The dealer was not a cruel man; or perhaps he was used to dealing with gauche Americans who buy their goods marked with barcodes and stickers, with heavy assurances of quality. He turned towards me, his face now that of one’s favorite wise old Uncle, the one mother invites to dinner but then hides the booze.

“Madam, I understand. There is so much evil in the world. You must be careful. But see now, I am an honest man. But I am not a selfish man. I will give you this rock, this pretty rock for … forty dollars. It is a steal at forty dollars.”

Shrewd eyes on my face. Next line was mine. I had my opening. I could have put the rock down and say that I hadn’t that much money and I still needed to buy lunch for my niece and thanked him and walked away and the moment would have been salvaged, but it wouldn’t have been right. Besides, the crystals were good if small, and there were some interesting bits to the piece, not counting the ingenious use of glue.

“I’ll give you ten dollars for it.”

“Madam! Ten dollars! You are joking! No, no. Ten dollars. No, no!” He exclaimed in dismay, but he also smiled at me in approval of my response — there was hope for me yet, me with my wits dulled by years of supermarket shopping and sell by dates.

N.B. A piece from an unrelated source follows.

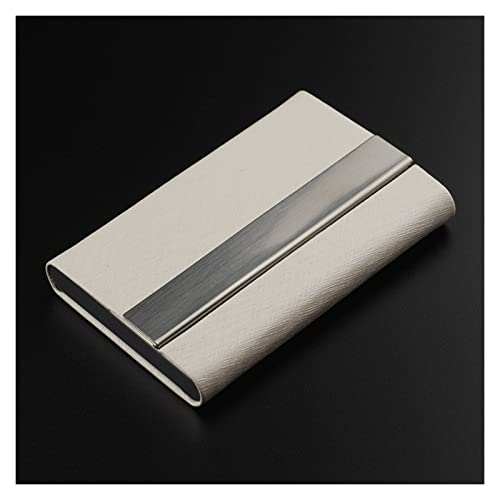 Kartenhülle Herren Großkapazitätsgeschäft Portable personalisierte kreative Kartenbox Aufbewahrungsbox Metalldame Business Card-Business-Visitenkartenkasten Visitenkartenhalter (Color : D) von HEXEH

“Thirty-five dollars. I will take thirty-five dollars.”

I was about to counter with fifteen, feeling more confident in this bargaining game when the Dealer picked up another crystal on the table — a small one. A very small one. Barely more than pretty dust.

“And I’ll throw in this lovely crystal for your niece. See? It is a fine crystal. Yes? Good offer?”

“That’s very kind of you,” I said, clenching my teeth at the exclamations of delight from my niece who loves getting something for free even more than she likes sparkly things that cost money.